__Your objective__.
Transcribe all of the records word for word, please, omitting the pictures.

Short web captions
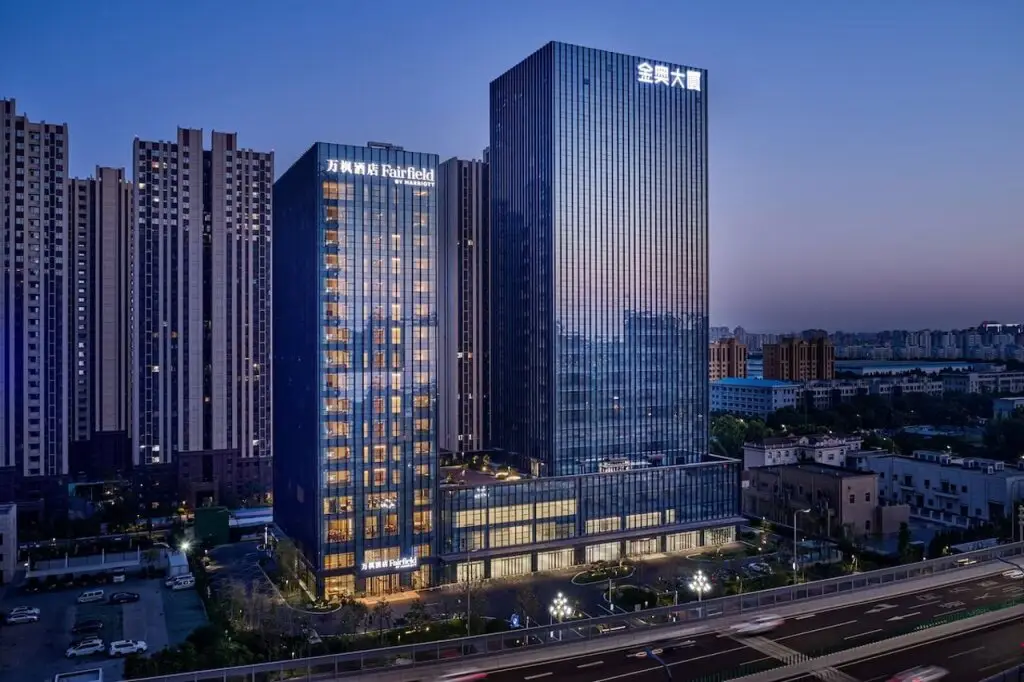 Fairfield By Marriott Zibo — фото 1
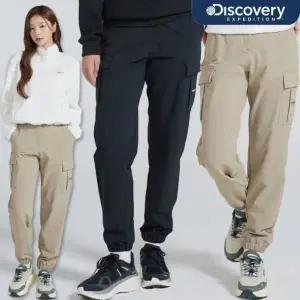 갤러리아 [디스커버리] 여성 기모 테이퍼드 카고조거팬츠 (DWPT76046)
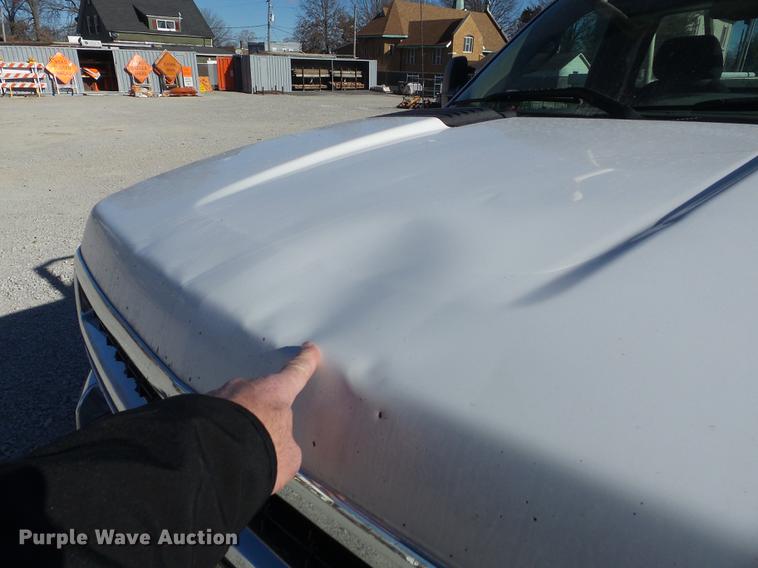 image for item DC7471 2007 Chevrolet 3500HD pickup truck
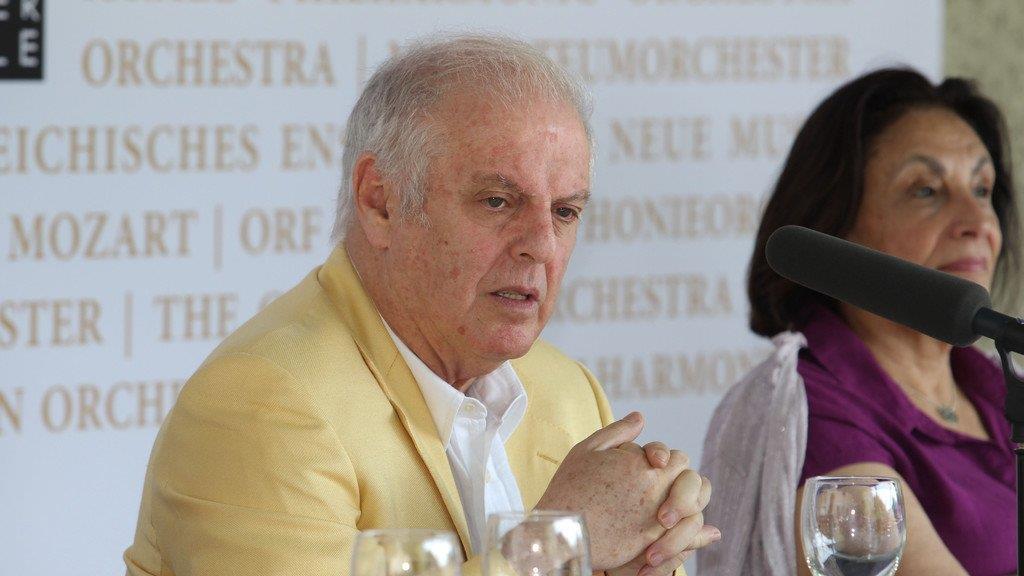 Barenboim in Salzburg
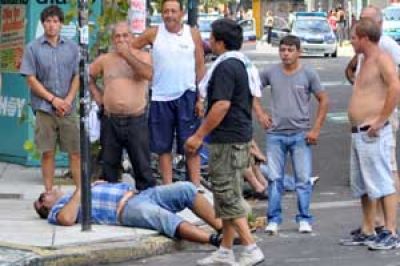 Pelea de taxistas: avanza la investigaci�n judicial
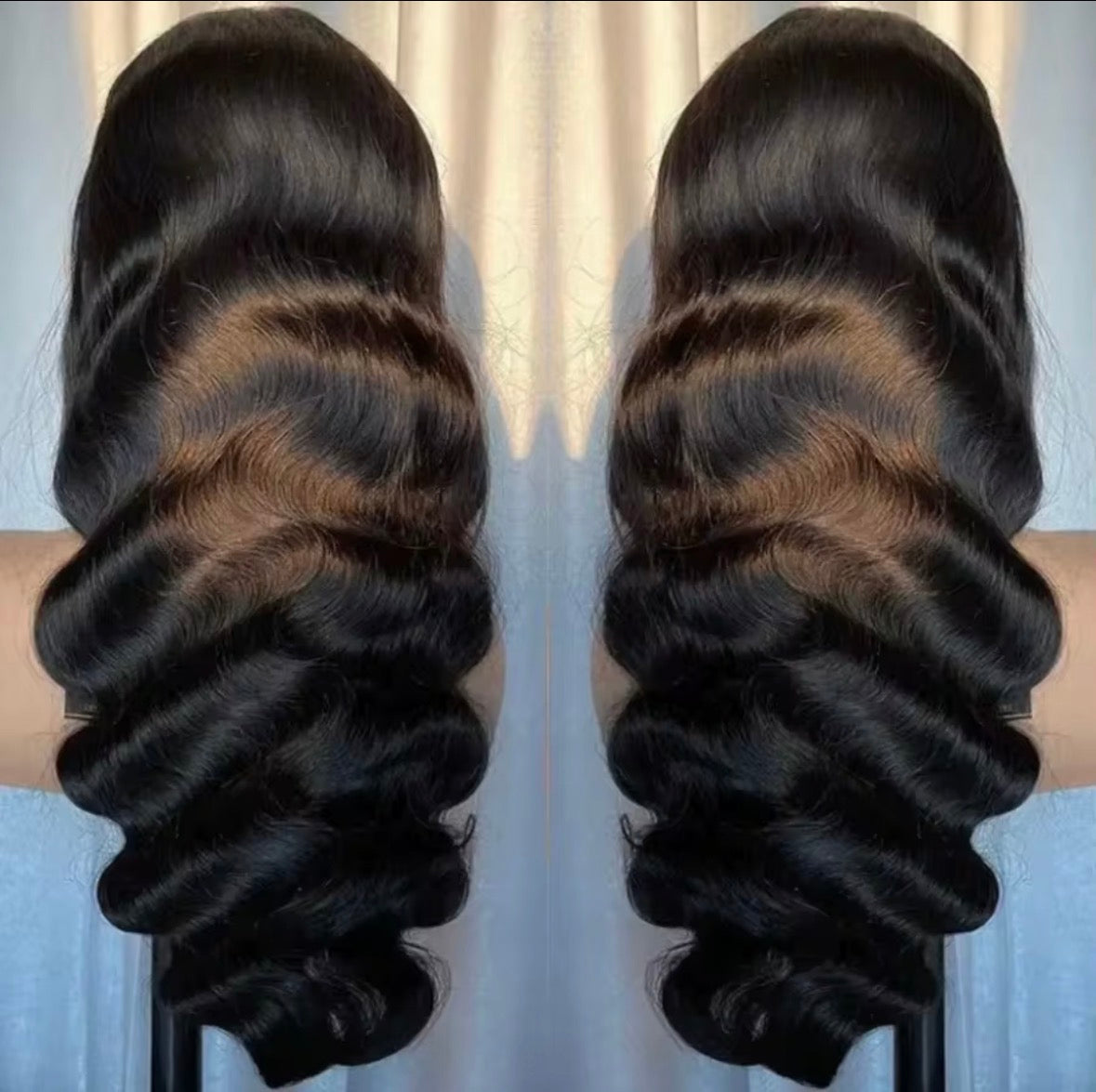 24 Inches straight 13x6 wig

__Answer space__.
 Fairfield By Marriott Zibo — фото 1
 갤러리아 [디스커버리] 여성 기모 테이퍼드 카고조거팬츠 (DWPT76046)
 image for item DC7471 2007 Chevrolet 3500HD pickup truck
 Barenboim in Salzburg
 Pelea de taxistas: avanza la investigaci�n judicial
 24 Inches straight 13x6 wig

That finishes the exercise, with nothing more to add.